A thank-you note is his method. One thank-you note to someone in your world once a week. Whether it be a co-worker, family member or friend his method is to make an appointment with yourself once a week, sit down and write a note to someone. For example, he said that easy notes are to thank people who invited you to their home, or on someone’s birthday. The notes that he says are the hardest to write, but resonate the most with the receiver are the ones he has written to people for no reason at all except to say thank you for being a special person in his world.
I’m not sure how I would react if I got a note from someone in my life telling me that I was a special person and was appreciated. Rarely (at least that I’m aware of) do people share their feelings in this world, and positive sentiments like this are rarely shared. I think that it is assumed that these feelings are there, but (as I have been told by my wife) people like to hear them once in a while.
I carried out a version of this method in cards to my groomsmen and ushers last year at my wedding. I put a lot of thought and sentiment into the cards that I wrote to the guys in my wedding party, as well as my parents. I thanked each of them for being a part of my wedding and let them know that I was glad they were in my life. Overall, I think that the cards were very well accepted and it felt good writing them. Besides my brother and parents, the people I had included in my wedding had been my friends for over half my life. Guys being guys, we generally didn’t talk about stuff like that, but to put it in the open felt good.
I know I have spent more time writing letters of complaint to anonymous companies explaining why I was dissatisfied with their product than I have spent telling people who are important to me that I am glad they are in my life. I think that this reaction is similar in most people’s lives – to acknowledge the negative things that happen to you, but not take the time to thank people who have made your world better.

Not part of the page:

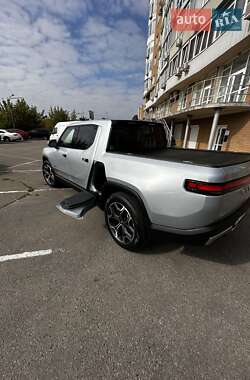 Пикап Rivian R1T 2023 в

So, this is my start in attempting to make the world better. It’s not big at all, and may only impact the very few people in my life that I interact with. I’m going to preface this by saying that I am a total introvert – in a crowd of people I basically disappear, meaning doing something like this is definitely outside of my comfort zone, but I’m willing to give it a try. Following what this lecturer says though – imagine if everyone did this? Wouldn’t your world be a little better?
I’m wondering – do any of you do anything like this? Is this a weird idea? How would you react to getting a thank-you note like this from a friend or acquaintance?